DIDO & AENEAS

 

COMPOSITEUR

Henry PURCELL
LIBRETTISTE

Nahum Tate
 
ORCHESTRE

Nouvelle Ménestrandie
CHOEUR

Cappella Mediterranea
DIRECTION

Leonardo Garcia Alarcon

Belinda

Yeree Suh

Dido

Solenn'Lavanant Linke

Aeneas

Alejandro Meerapfel

Sorceress, Second Woman

Magali Arnault

Spirit

Christophe Carré

Sailor

Valeri Contaldo

First witch

Fabian Schofrin

Second witch

Mariana Flores

DATE D'ENREGISTREMENT

2009

LIEU D'ENREGISTREMENT

ENREGISTREMENT EN CONCERT

EDITEUR

Ambronay

DISTRIBUTION

Harmonia Mundi

DATE DE PRODUCTION

23 septembre 2010

NOMBRE DE DISQUES

1

CATEGORIE

DDD

 Critique de cet enregistrement dans :

"« Il m'a semblé important de souligner dans notre interprétation la nécessité qu'il y a à reconsidérer Dido and Æneas comme une pièce conçue pour être interprétée par de jeunes chanteurs » prévient Leonardo Garda Alarcon. Et d'ajouter que cette œuvre « fut avant tout écrite pour des gens simples, dans un cadre presque familial, qui ne connaissaient pas le monde de l'opéra ». Aussi ne vaut-il mieux pas espérer une Didon tragédienne accomplie, de l'envergure d'une Janet Baker, d'une Tatiana Troyanos, voire d'une Véronique Gens. Soit. La genèse de cette singulière merveille divise encore de toute façon les spécialistes. Si le parti pris de Leonardo Garda Alarcon peut se comprendre, sa répartition des forces reste discutable. Pourquoi « élargir l'instrumentarium avec des instruments à vents, comme c'était l'usage, surtout pour les opéras français » et, dans le même temps, réduire les voix? Commment en effet espérer s'attendrir sur le sort d'une Didon aux airs de soubrette, s'intéresser à un Enée clabaudant ou redouter une sorcière tout droit venue d'une fête Halloween de quartier? On explique difficilement de telles erreurs de la part d'un artiste aussi talentueux et compétent que Leoonardo Garcia Alarcon. L'éditeur a beau vouloir nous persuader que le chef « entrelace de fraîcheur innocente l'éternelle tragédie de Didon », son interprétation risque fort de s'égarer dans une discographie déjà riche de nombreuses réussites, de Christie à Gardiner, en passant par Bolton et Mackerras."

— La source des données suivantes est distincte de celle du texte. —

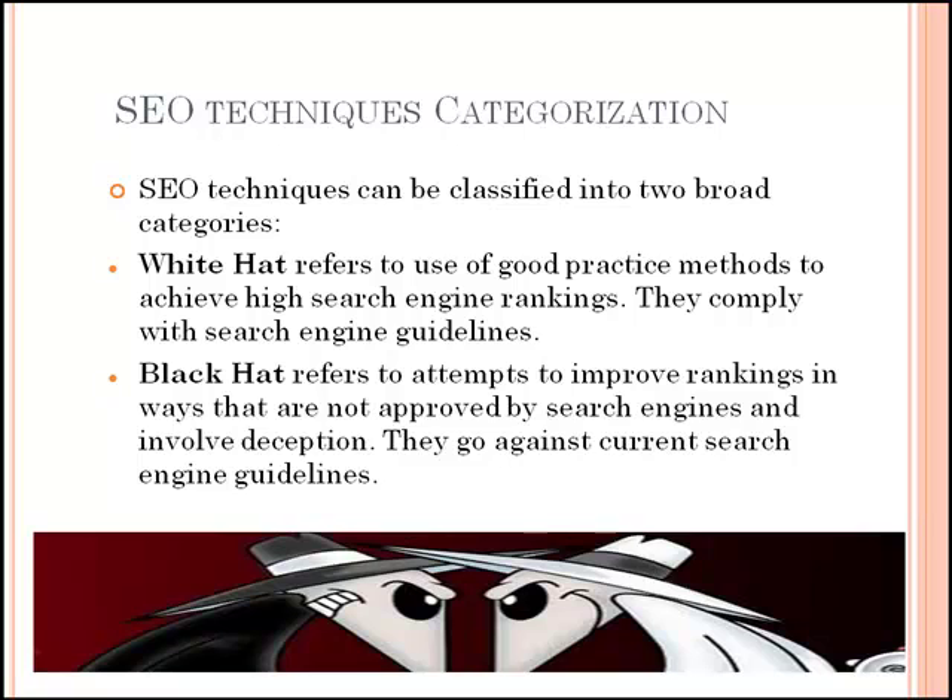Black hat refers to attempts to improve rankings in ways that are not approved by search engines and involve deception. They go against current search engine guidelines. Black hat SEO refers to techniques and strategies used to get higher search rankings by breaking search engine rules. Black hat SEO focuses only on search engines and not so much the human audience. It is typically used by those who are looking for a quick return on their site rather than a long-term investment. Some techniques used in black hat SEO include keyword stuffing, link farming, hidden texts and links, and blocked content spamming.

"Opéra de cour? Opéra de collège ? Les chercheurs cherchent encore. Mais, dans la notice comme dans le studio, l'équipe genevoise dirigée par le jeune chef argentin Leonardo Garcia Alarcon a tranché. Le collège. Ni individu, ni pathos, ni théâtre à proprement parler : une longue cantate didactique et allégorique, voilà ce que la troupe imagine et, pour l'essentiel, réussit. S'il ajoute quelques vents à son petit orchestre et quelques reprises ici ou là, le chef s'interdit de combler les « manques » (pas de danses pour guitare, pas de finale restitué à l'acte II) et adopte une attitude plutôt modeste. Seules les deux scènes de sorcellerie détonnent. Pourquoi le noir sarcasme d'un épisode emprunté à Maccbeth doit-il toujours finir chez Walt Disney? Ce terrible tableau en fa mineur ("obscur et plaintif" selon le contemporain Marc-Antoine Charpentier) n'a-t-il pas plus d'ambition qu'Halloween à la crèche ?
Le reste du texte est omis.